Please note that there is also a field for PointFinder's script. This is due to the fact that PointFinder is not available via Pip or Conda and must be installed manually. If the script is not found at the specified path, Pacini-typing will try to install it automatically in the specified path. This is performed by a wget
command in the snp_query_runner.py
script of the application.
Global steps of the application are:
- Validating the input: Check if the input files are valid and if the configuration file is valid.
- Checking the availability of the required database: Check if the database (gene, SNPs or both databses) are available in the specified path. This checking also includes the database structure.
- Creating the database: If the database is not available, Pacini-typing will try to create the database.
- Check again if the database is available: If any of the required databases are not available, the application will exit with an error.
- Running the query: If the database is available, the application will prepare the query and execute it against the correct reference database.
- Parsing the results: The application will parse the results of the query. For genes, this process includes filtering according to the threshold values in the configuration file (coverage and identity).
- Creating the output: Pacini-typing will create a (CSV) output report and, based on the user input, a FASTA file with the found sequences, a log file or a zip containing all intermediate files of a run will be created as well.
The main logic for the parsing operation is present in the parsing
module of the application. Additionally, this module contains the usage of two design patterns:
- Strategy Pattern
- Filter Pattern
Firstly, the strategy parser consists of a base class parsing_strategy.py
which is inherited by the fasta_parser.py
and fastq_parser.py
files.
The strategy pattern is used define overarching features required for both methods of parsing.
The filter pattern is used to filter the hits based on the values in the configuration file. All specific filters are inheriting from the filter_pattern.py
base class.
Filters can easily be added by creating a new class that inherits from the Filter
base class and implementing the single method apply()
of the base class. Currently, two filters are implemented:
coverage_filter.py
: Filters the hits based on the percentage coverage value in the configuration file.identity_filter.py
: Filters the hits based on the percentage identity value in the configuration file.
The main SNP parsing methodology is implemented in the snp_parser.py
file. Since this operation is quite different from the gene parsing, it is not using the strategy pattern. PointFinder's results also do not need to be filtered.
To get started with the application, you can run the following command to get the help of the application:
python pacini_typing.py --help
See the Parameters & Usage section for more information on how to run the application.
-h, --help
Shows the help of the pipeline.
usage: Pacini-typing [-h] [-v] [-V] [-c File] [-i File [File ...]]
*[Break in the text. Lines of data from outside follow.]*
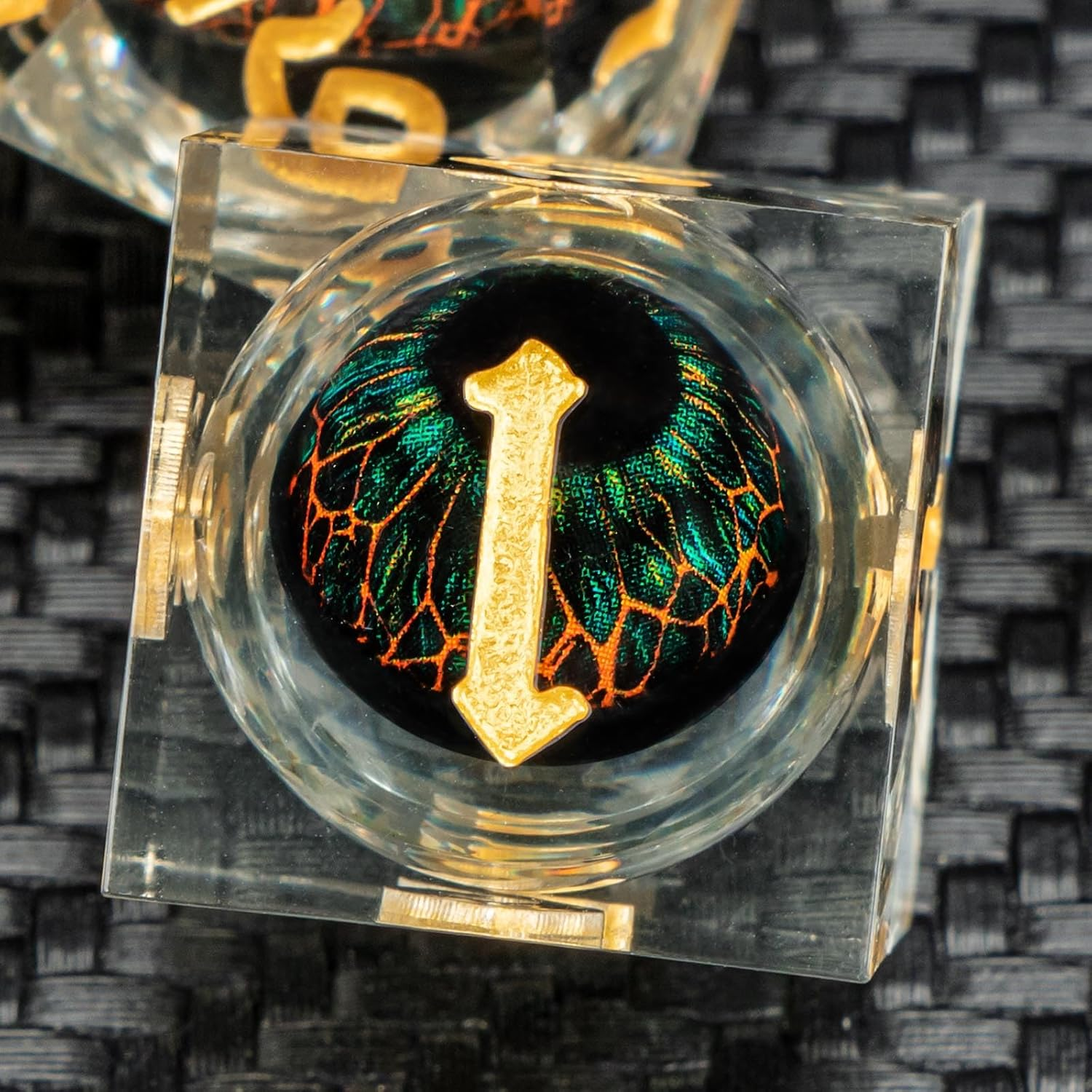 Dragon Eyeball  DND Sharp Resin Liquid  Dice Set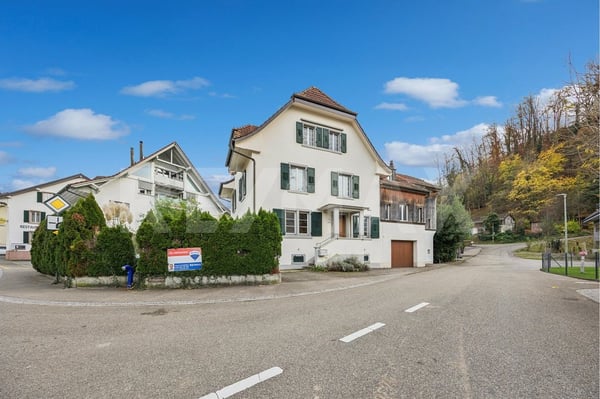 Vielseitig nutzbares Generationenhaus mit Umschwung 20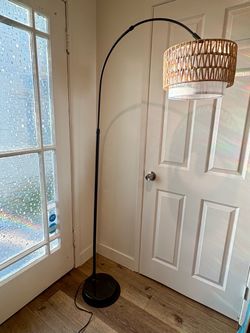 Modern Arched Floor Lamp with Rattan Shade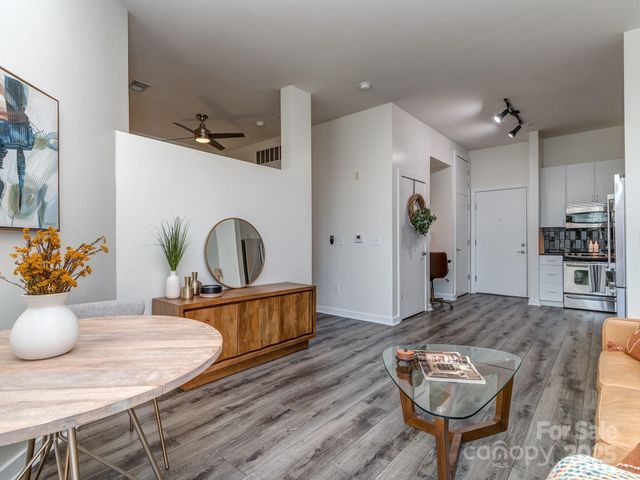 525 E Sixth Street, Charlotte, NC 28202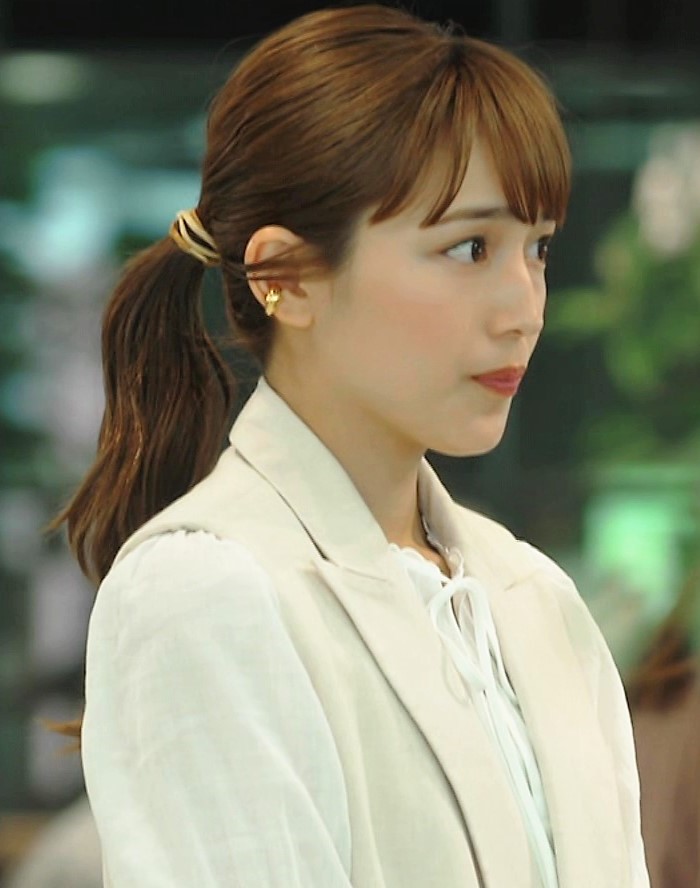 ドラマ「着飾る恋には理由があって」で中村アンさんが着用したドレスが知りたい♡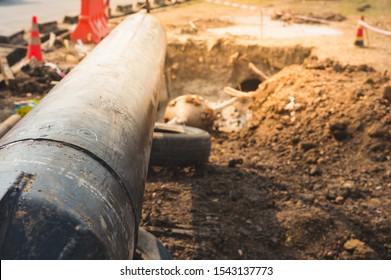 Construction Of Oil And Gas Pipeline,horizontal Directional Drilling (HDD Process).Installing Underground Pipes Or Conduits Along A Prescribed Bore Path From The Soil Surface.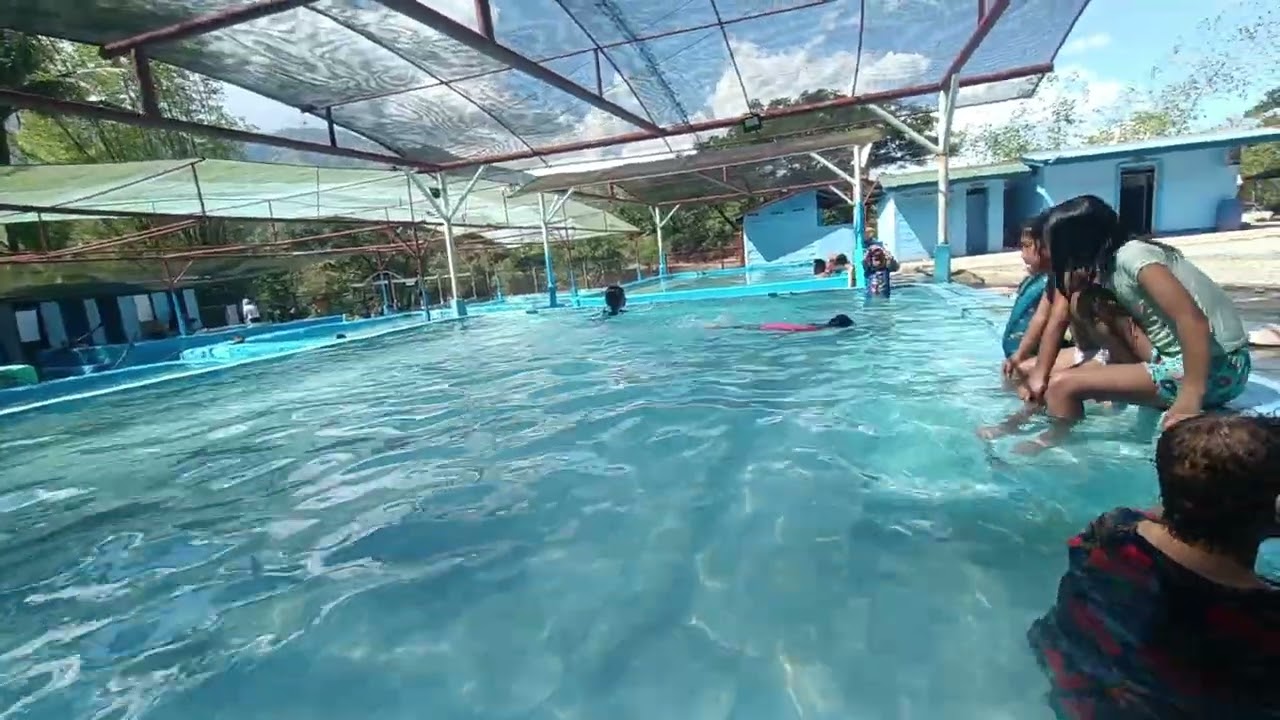 Living in the Countryside 👉 Unlimited Swimming while we do not have class 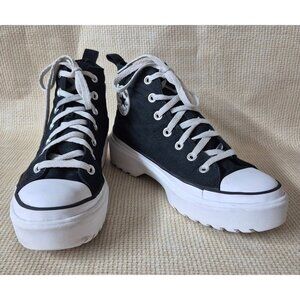 Youth Black & White Chuck Taylor All Star Lugged Heel Platform Sneaker Size 6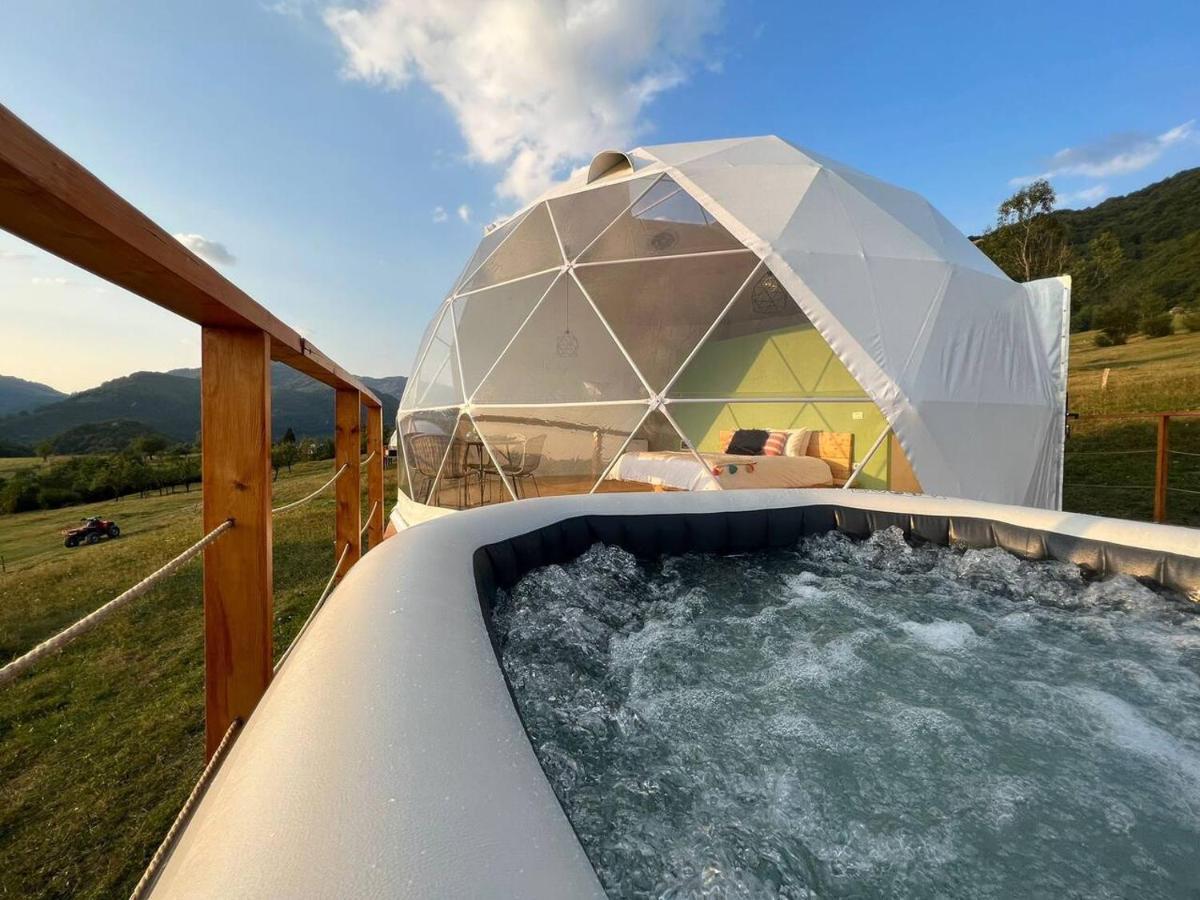 Starry Dome - Manta'S Retreat Glamping Cornereva Hotel Exterior foto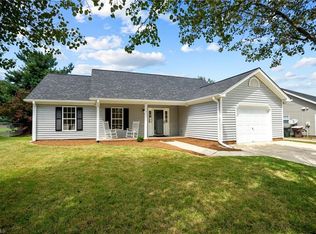 1801 Saint Charles Ln, Greensboro, NC 27405
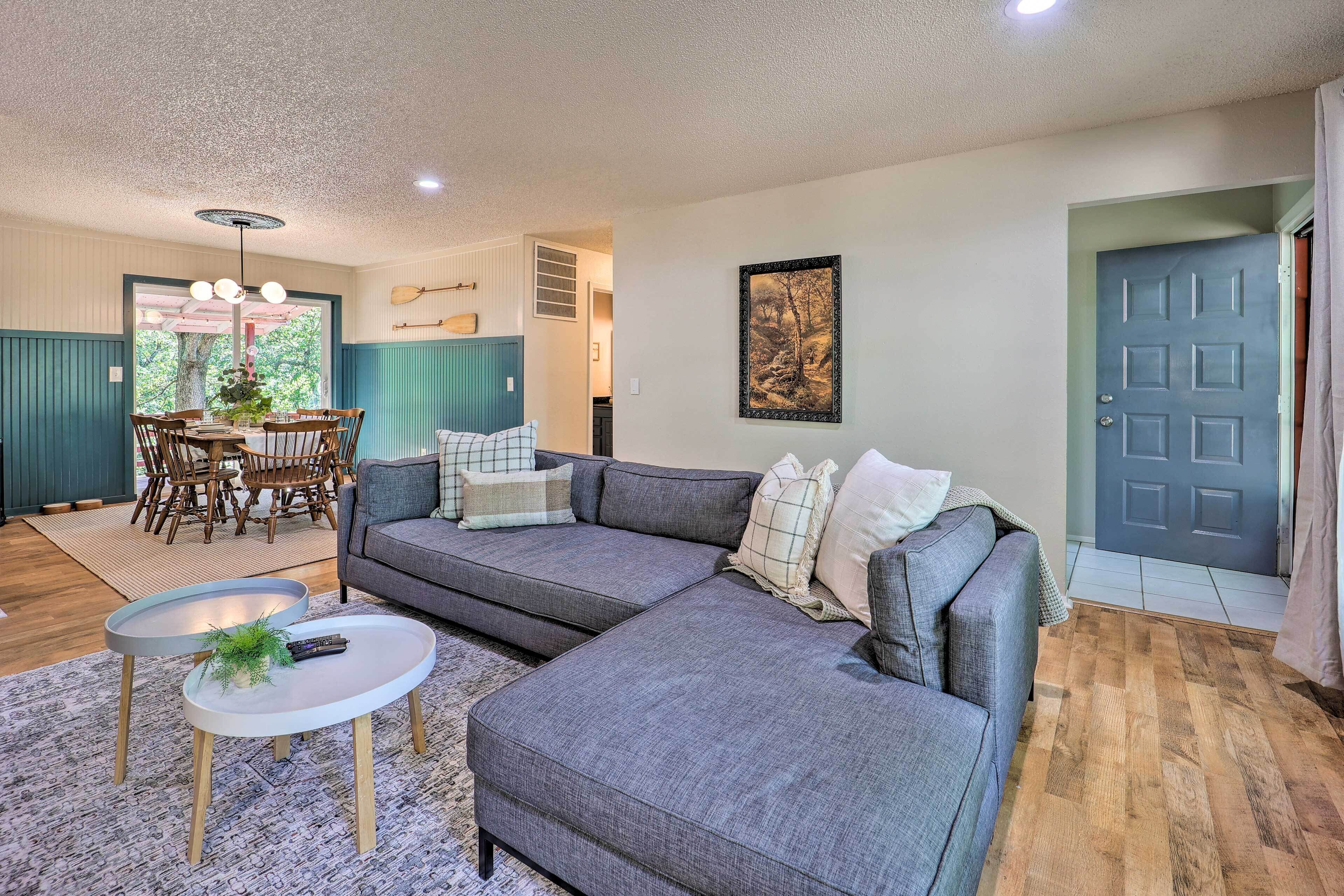 Dog-Friendly Bella Vista Home w/ Grill + Deck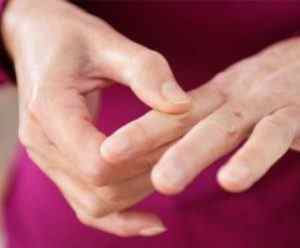 Клацали палець (стенозуючий лігаментит) на руці: лікування без операції в домашніх умовах народними зас | Ревматолог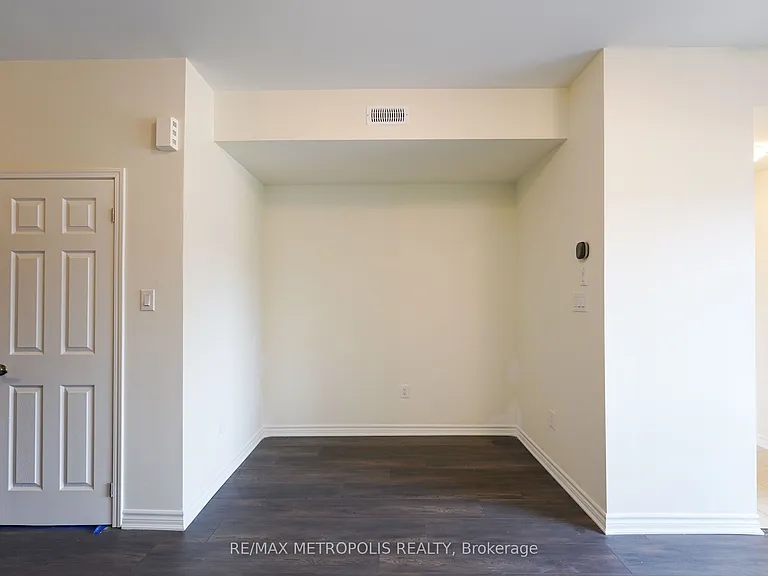 1081 Danforth Rd #125 — Photo 7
[--save-intermediates] [--log-file] [-t Threads] [-f]
[-m {SNPs,genes,both}]
{makedatabase,query} ...
Bacterial Genotyping Tool for RIVM IDS-Bioinformatics
Either pick a subcommand to manually run the tool or
provide a predefined configuration file and your input file(s) (FASTA/FASTQ)
and let Pacini-typing do the work for you.
If using a configuration file, both the
--config and --input arguments are required.
options:
-h, --help show this help message and exit
-v, --verbose Increase output verbosity
-V, --version show program's version number and exit
-c File, --config File
Path to predefined configuration file
-i File [File ...], --input File [File ...]
Path to input file(s). Accepts 1 fasta file or 2 fastq files
--save-intermediates Save intermediate files of the run
--log-file Save log file of the run
-t Threads, --threads Threads
Number of threads to use (rounded to the nearest integer)
-f, --fasta-out Write found sequences to a FASTA output file
-m {SNPs,genes,both}, --search_mode {SNPs,genes,both}
Search mode to use. SNPs, genes or both.
Default is genes.
operations:
For more information on a specific command, type: pacini_typing <command> -h
{makedatabase,query}
makedatabase Create a new reference database
query Run query against reference database
See github.com/RIVM-Bioinformatics for more information
Pacini-typing can be used in two different ways. This could either be:
- Using a pre-defined configuration file to run the application
- Manually creating a (gene) reference database and manually search for genes, this consists of running
pacini_typing
with an additional subcommandsmakedatabase
orquery
.
One of these two methods must be used to run the application.
Note: Manually searching for genetic variations does not result in parsing and creating output reports. This is only possible when using a configuration file (--config
).
-
-c, --config
path to the configuration file -
-i, --input
path to the input file(s). Either accepts 1 or 2 files. If providing 2 files, separate them with a space:
pacini_typing --input file_1.ext file_2.ext
-h, --help
Shows the help for the makedatabase command-db_path, --database_path
path to the database directory-db_name, --database_name
name of the database-I, --input_file
path to the database file-db_type, --database_type
type of the database, choose betweenfasta
orfastq
To run the above options, don't forget to add the makedatabase
subcommand at the beginning of the command:
pacini_typing makedatabase -db_path [path_to_database_directory] -db_name [name_of_database] -I [path_to_input_file.ext] -db_type [fasta/fastq]
query -h
Shows the help for the query command-db_path, --database_path
path to the database directory-db_name, --database_name
name of the database-p, --paired
path to the paired FASTQ files, seperate with a space-s, --single
path to the single FASTQ files-o, --output
path to the output directory and prefix of the output files
Note: The -p
and -s
parameters are mutually exclusive. Only one of these parameters can be used at a time.
To run the above options, don't forget to add the query
subcommand at the beginning of the command:
pacini_typing query -db_path [path_to_database_directory] -db_name [name_of_database] -p [path_to_paired_files.ext] -o [path_to_output_directory]
-m, --search_mode
Search mode to use. Choose betweenSNPs
,genes
orboth
. Default isgenes
.-v, --verbose
Increase output verbosity-V, --version
Show program's version number and exit--save-intermediates
Save intermediate files of the run--log-file
Save log file of the run, namedpacini_typing.log
-t, --threads
Number of threads to use-f, --fasta-out
Write found sequences (hits) to a FASTA output file, named{prefix}_sequences.fasta
Note: The
--save-intermediates
and--fasta-out
parameters can not be used in combination with themakedatabase
orquery
subcommands.
In the accept_arguments.yaml
file in the config
directory, the accepted extensions for the input files are defined. These can be changed by the user.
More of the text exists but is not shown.